13. Yüzyıl ve “Asr-ı saadet”

Kimin kimin öğrencisi olduğu, kimin mürşit ve “halife” olduğu konusunda farklı tespitler olsa da, Hacı Bektaş Veli, asr-ı saadet diye de anılan 13. yüzyıldaki çağdaşları olan, Baba İshak, Baba İlyas, Yunus Emre, Lokman Perende, Taptuk Emre, Sarı Saltuk, Barak Baba gibi hem bir düşün hem de bir eylem adamıdır.

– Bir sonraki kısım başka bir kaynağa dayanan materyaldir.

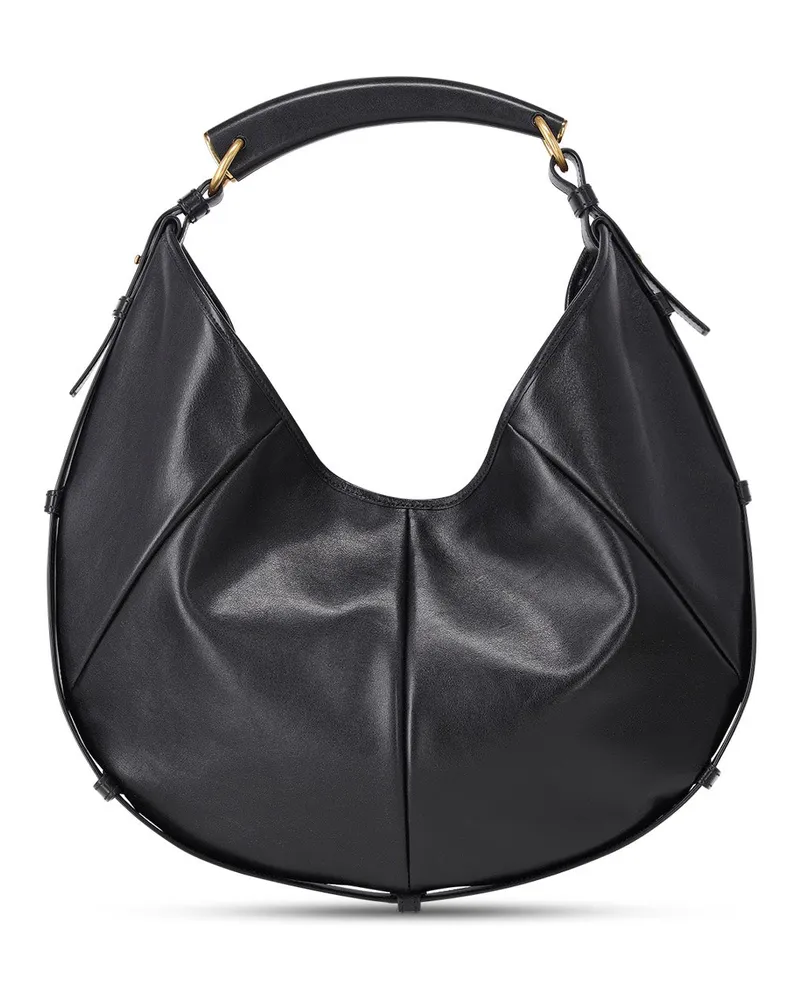 Saint Laurent Schultertasche aus Leder Schwarz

‘Yolumuz, ilim, irfan ve insanlık sevgisi üzerine kurulmuştur’ diyen Hacı Bektaş Veli, adları ne olursa olsun bütün Aleviler, Bektaşiler, Kızılbaşlar, Abdallar, Tahtacılar için Hacı Bektaş serçeşmedir, bir Mürşit Kapısı’dır. Ana kaynaktır! Oradan yayılan ışık, daha sonra Avrupa’da da görülen aydınlanma ışığı ile paralellik oluşturur. Hem bu paralellikte, hem de Aleviliğin aydınlanma gücünde, yorumların ötesinde, o dönemde Anadolu’da yaşayan bütün inançlara ve kültürlere ‘aynı nazarda’ bakmasının, hayatın doğal devinimini, değişimini görerek hayatı her gün yeniden yorumlayabilmesinin ciddi rolü vardır…

Ve bu öğreti, asıl olarak biçimsel dinin, özel olarak Sünni İslamın katı kurallarına, durgunluğuna ve donukluğuna, hayatın içinden bir müdahale olarak ortaya çıkan, akıp giden, hayata dair olan ve günlük yaşamda vücut bulan bir inanç ve yaşam biçimi olmuştur. Alevilik bu anlamıyla, aynı zamanda bir yaşam biçimi de olunca, hiç kimseye Aleviliği yalnızca mistik bir havada sunma ya da ‘incinsen de incitme’ edebiyatı ile anlatma şansı da vermemiştir. Canlı ve dinamik öğreti bu yaklaşımları fiili olarak hep reddetmiştir. Nitekim, yüzlerce yıla yayılan ağır baskılara, yok etme girişimlerine ve asimilasyon hamlelerine direnme gücü de buradan kaynaklanmaktadır…

Hacı Bektaş Veli’nin inancı ve felsefesi…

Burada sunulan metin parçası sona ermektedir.